Following up from yesterday's news that Elon Musk owns a decent chunk of Twitter shares, he's been appointed to its board and said he's "looking forward to working with Parag & Twitter board to make significant improvements to Twitter in coming months!". The Atlantic has an interesting article about Musk's relationship with Twitter. Unrelated (they've been working on it since last year) - Twitter is adding an edit button. It'll allow you to "fix any typos or errors in a tweet without sacrificing any replies, retweets, or likes it's already accrued". Some people (like Alex Stamos) reckon it'll be abused, but as someone that makes many typos, I like it.
If the ALP wins the federal election in a few weeks, it will launch a competitive tender process to find someone to install "mobile signal measurement devices on Australia Post's transport assets, to gather the best information possible". It aims to create a mobile coverage standard (raised by the ACCC last year as something we need) that'll compare telco coverage indepdenently rather than relying on the telcos self-reporting and using different baselines. They'll use that info to spend $400m in upgrades across non-metro areas and fill in blackspots. A noble aim, if they actually win the election.
Plex has added a nifty new feature called Discovery. Enter the name of a TV show or movie and it will show you all the streaming platforms or Plex servers available to you where you can watch it - a true universal search. They also added a Watchlist, which syncs across all your devices and displays when something you'd like to watch appears on a Plex server you're connected to, or on a streaming service. I just tried it out on my Nvidia Shield and was delighted to find that Discovery has support for all the Australian streaming services too. I don't know where Plex is sourcing their data from but it works pretty damn well. Lon.TV has a good video showing off how this new feature works.
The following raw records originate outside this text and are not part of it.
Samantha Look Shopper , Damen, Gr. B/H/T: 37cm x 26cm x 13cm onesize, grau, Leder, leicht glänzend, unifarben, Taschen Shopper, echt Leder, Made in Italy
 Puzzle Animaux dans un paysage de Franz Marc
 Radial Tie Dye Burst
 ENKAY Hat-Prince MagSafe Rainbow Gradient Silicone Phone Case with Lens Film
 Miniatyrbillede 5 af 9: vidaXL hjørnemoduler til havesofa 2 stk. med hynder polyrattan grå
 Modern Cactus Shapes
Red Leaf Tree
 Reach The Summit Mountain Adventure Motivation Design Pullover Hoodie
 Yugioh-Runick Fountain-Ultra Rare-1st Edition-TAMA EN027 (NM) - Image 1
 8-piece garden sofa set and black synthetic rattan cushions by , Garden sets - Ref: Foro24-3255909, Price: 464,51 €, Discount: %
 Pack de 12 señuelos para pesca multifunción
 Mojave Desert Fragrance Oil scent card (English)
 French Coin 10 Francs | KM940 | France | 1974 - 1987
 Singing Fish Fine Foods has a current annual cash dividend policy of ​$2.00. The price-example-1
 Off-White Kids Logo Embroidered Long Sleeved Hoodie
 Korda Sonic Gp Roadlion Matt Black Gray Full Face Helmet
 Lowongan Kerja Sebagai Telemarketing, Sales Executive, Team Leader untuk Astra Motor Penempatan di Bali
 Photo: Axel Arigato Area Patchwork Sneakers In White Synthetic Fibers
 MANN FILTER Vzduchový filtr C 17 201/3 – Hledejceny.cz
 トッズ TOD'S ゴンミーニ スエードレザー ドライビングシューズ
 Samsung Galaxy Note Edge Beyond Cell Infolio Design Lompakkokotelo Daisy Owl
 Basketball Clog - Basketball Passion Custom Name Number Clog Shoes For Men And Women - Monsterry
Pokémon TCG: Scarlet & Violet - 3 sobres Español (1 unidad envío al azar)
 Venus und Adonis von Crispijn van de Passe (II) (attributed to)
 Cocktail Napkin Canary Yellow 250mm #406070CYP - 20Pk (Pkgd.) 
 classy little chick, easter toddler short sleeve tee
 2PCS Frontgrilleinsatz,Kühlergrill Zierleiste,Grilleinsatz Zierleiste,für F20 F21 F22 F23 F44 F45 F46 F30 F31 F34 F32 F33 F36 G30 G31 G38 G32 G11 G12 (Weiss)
Have you heard of Pockit? They describe it as "a new kind of computer — it's made for the physical world. On top of its powerful, versatile Core, you can attach modular Blocks and interact with the world in your own unique way". This demo video shows off the Pockit quite nicely. The best way I can think to describe it is an Arduino/ESP32/Raspberry Pi, but with a bunch of sensors and accessories that clip together with magnets, along with a relatively easy to use dashboard that lets you program it without necessarily being a programmer. Looks cool, keep an eye on this project.